Consider which of the following options best fits your use case:
-
Create an online store, an offline store, or both. For more information on the differences between online and offline stores, see Feature Store concepts.
-
Use a default AWS Key Management Service key or your own KMS key. The default key is AWS KMS key (SSE-KMS). You can reduce AWS KMS request costs by configuring use of Amazon S3 Bucket Keys on the offline store Amazon S3 bucket. The Amazon S3 Bucket Key needs to be enabled before using the bucket for your feature groups. For more information about reducing the cost by using Amazon S3 bucket keys, see Reducing the cost of SSE-KMS with Amazon S3 Bucket Keys.

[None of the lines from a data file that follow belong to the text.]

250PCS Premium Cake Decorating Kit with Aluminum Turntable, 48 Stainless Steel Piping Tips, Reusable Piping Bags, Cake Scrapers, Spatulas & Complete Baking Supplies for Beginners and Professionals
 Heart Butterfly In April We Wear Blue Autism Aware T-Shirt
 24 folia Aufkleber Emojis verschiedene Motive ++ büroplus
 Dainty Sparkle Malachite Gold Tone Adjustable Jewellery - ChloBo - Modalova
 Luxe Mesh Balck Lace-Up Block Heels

You can use the same key for both online and offline stores, or have a unique key for each. For more information on AWS KMS, see AWS Key Management Service.
-
If you create an offline store:
-
Decide if you want to create an Amazon S3 bucket or use an existing one. When using an existing one, you need to know the Amazon S3 bucket URL or Amazon S3 bucket name and dataset directory name, if applicable.
-
Choose which IAM role ARN to use. For more information on how to find your role and attached policies, see Adding policies to your IAM role.
-
Decide whether to use the AWS Glue (default) or Apache Iceberg table format. In most use cases, you use the Apache Iceberg table format. For more information on table formats, see Use Feature Store with SDK for Python (Boto3).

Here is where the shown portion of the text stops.